Our findings evidence the presence of VPAC1 and VPAC2 receptors in human osteoclast precursors and mature osteoclast differentiated in vitro, in accordance with those previously described in mouse and rat bone marrow-derived osteoclasts [28,38,42,43]. We also found that VIP receptor transcripts levels were reduced at the end of the differentiation process, showing an expression pattern consistent with that recently described in the differentiation of mouse pre-osteoclasts from bone marrow-derived macrophages [38]. These results are also in accordance with the lesser expression of VIP receptors in the human monocyte to macrophage differentiation in vitro [44], suggesting that the myeloid cell differentiation process would entail a reduction in the expression of VPAC1 and VPAC2. However, further studies are needed to determine the functional implications of these changes in the expression pattern of VIP receptors.
When we examined the modulatory action of VIP on the in vitro differentiation of human osteoclasts, a significant decrease in the number of mature osteoclasts formed was observed, in agreement with that previously reported in studies on murine models [29,38]. The molecular mechanism potentially involved in this inhibitory action showed that VIP does not affect the gene expression of receptors for M-CSF and RANKL, two critical cytokines for inducing the differentiation process [8,45]. Given that the expression of RANKL receptor is dependent on signals induced by M-CSF [46], not finding a VIP effect on the cell-surface receptor c-Fms could explain the lack of change in transcripts for RANK. Conversely, in osteoclasts formed in the presence of VIP, we detected a decrease in the expression levels of NFTAC1 and DCSTAMP genes, identified as markers of osteoclast differentiation [8]. In this regard, the VIP-induced reduction of NFATc1 transcription factor is particularly noteworthy given that it is recognized as the master regulator of osteoclast formation and function [47]. As NFκB and c-Fos are upstream of NFATc1 [48], and VIP has been shown to prevent the NFκB and AP-1 nuclear translocation [49], this might be involved in the decreased expression of NFATc1 reported.

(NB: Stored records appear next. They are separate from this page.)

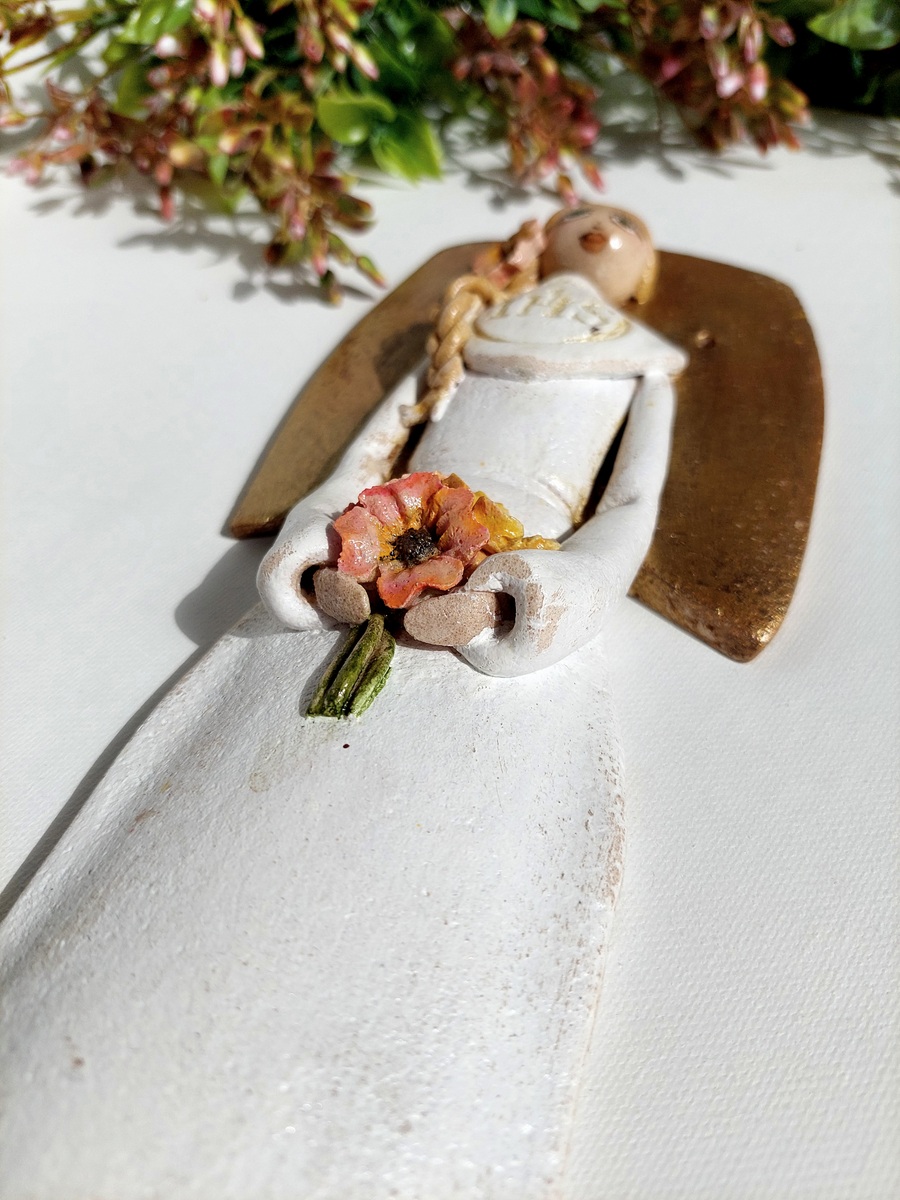 Wisząca figurka komunijna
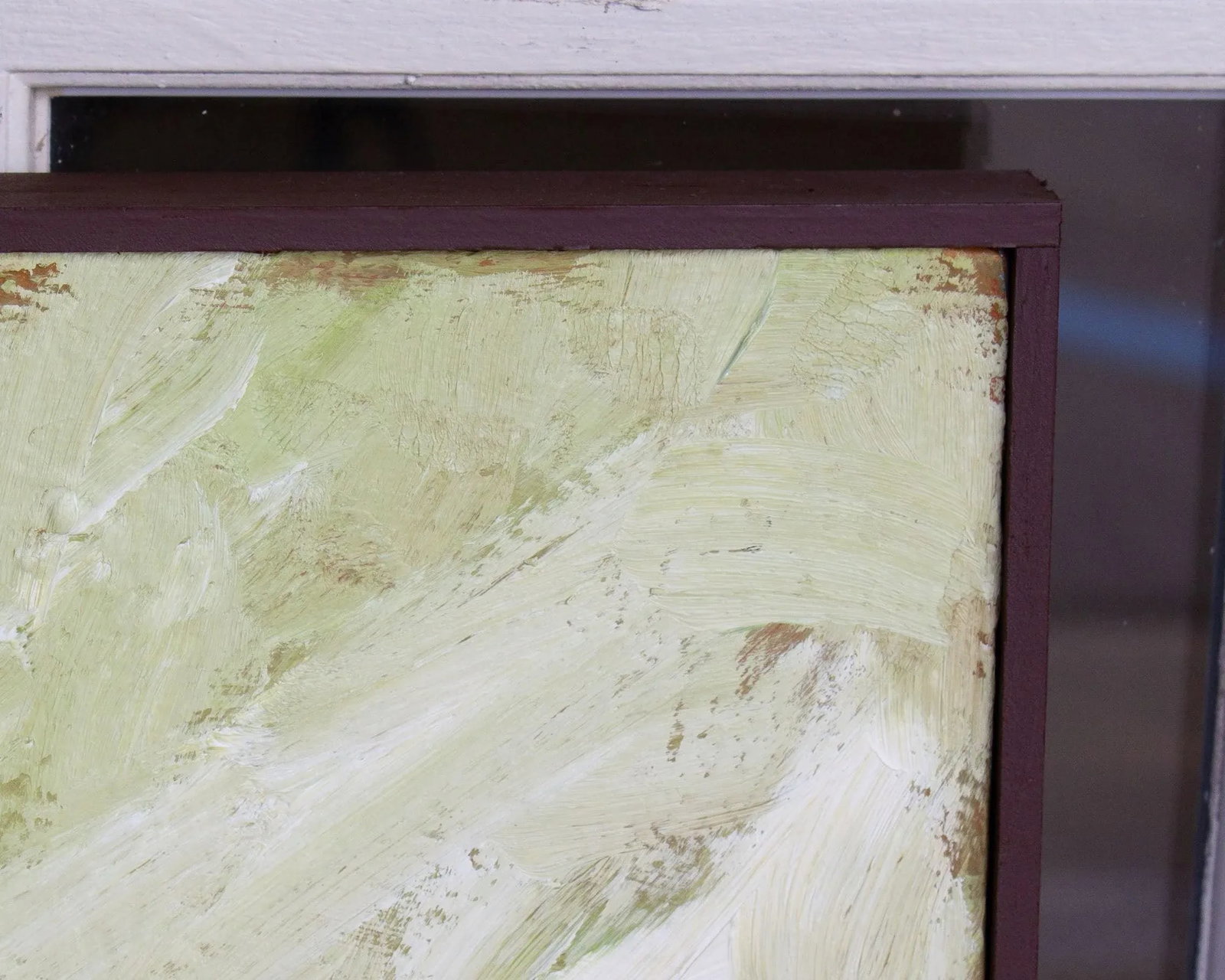 Abstract Oil on Canvas Painting of a Cat by James L. Bruch - 3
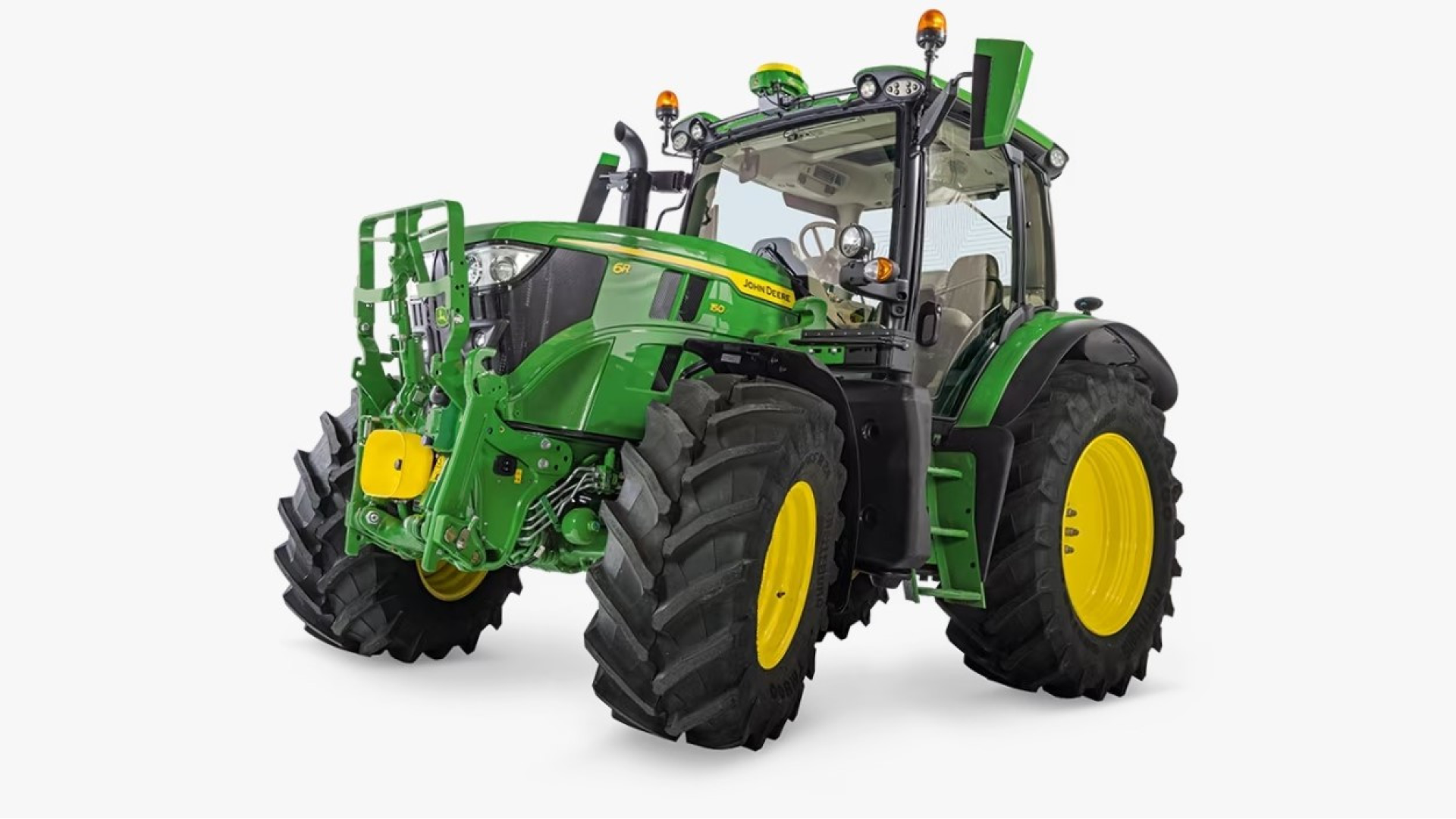 Trattore John Deere 6R 150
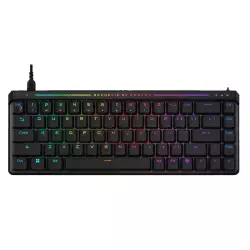 ASUS ROG Falchion Ace HFX Wired Mechanical keyboard, HFX Magnetic Switch, Rapid Trigger Toggle, Anti-Ghosting, N-Key Rollover, English - Arabic Layout, Black | 90MP03VE-BKCA00 ASUS ROG Falchion Ace HFX Wired Mechanical keyboard, HFX Magnetic Switch, Rapid Trigger Toggle, Anti-Ghosting, N-Key Rollover, English - Arabic Layout, Black | 90MP03VE-BKCA00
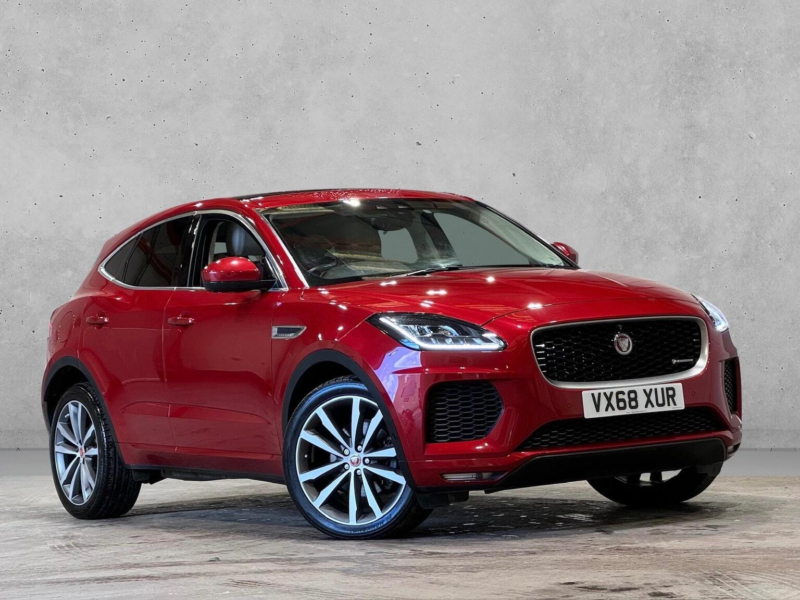 2018 Jaguar E-Pace 2.0 D180 R-Dynamic Hse Auto AWD Euro 6 (s/s) 5dr in Red — image 1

Indeed, Qu et al. have recently reported that VIP treatment suppresses the NFκB signaling pathway in RANKL-induced rat osteoclast formation [30]. Moreover, our findings proved that VIP also inhibits the RANKL-induced activation and nuclear translocation of NFATc1, consistent with the reduced transcriptional activity of NFAT isoform c3 (NFATc3) described in primary pulmonary artery smooth muscle cells after VIP treatment [50]. Indeed, we further reported the down-regulation of the NFATc1-regulated DCSTAMP gene in the presence of VIP. DC-STAMP is a protein critical for mononuclear osteoclast fusion [51], therefore a reduction in its expression could validate the decrease of mature osteoclast number observed when precursors were exposed to VIP. Taken together, our results suggest that VIP, rather than affecting the early steps of MCSF/RANKL-mediated osteoclastogenesis, exerts its modulatory action downstream of this signaling pathway by negatively regulating NFATc1 expression and activation.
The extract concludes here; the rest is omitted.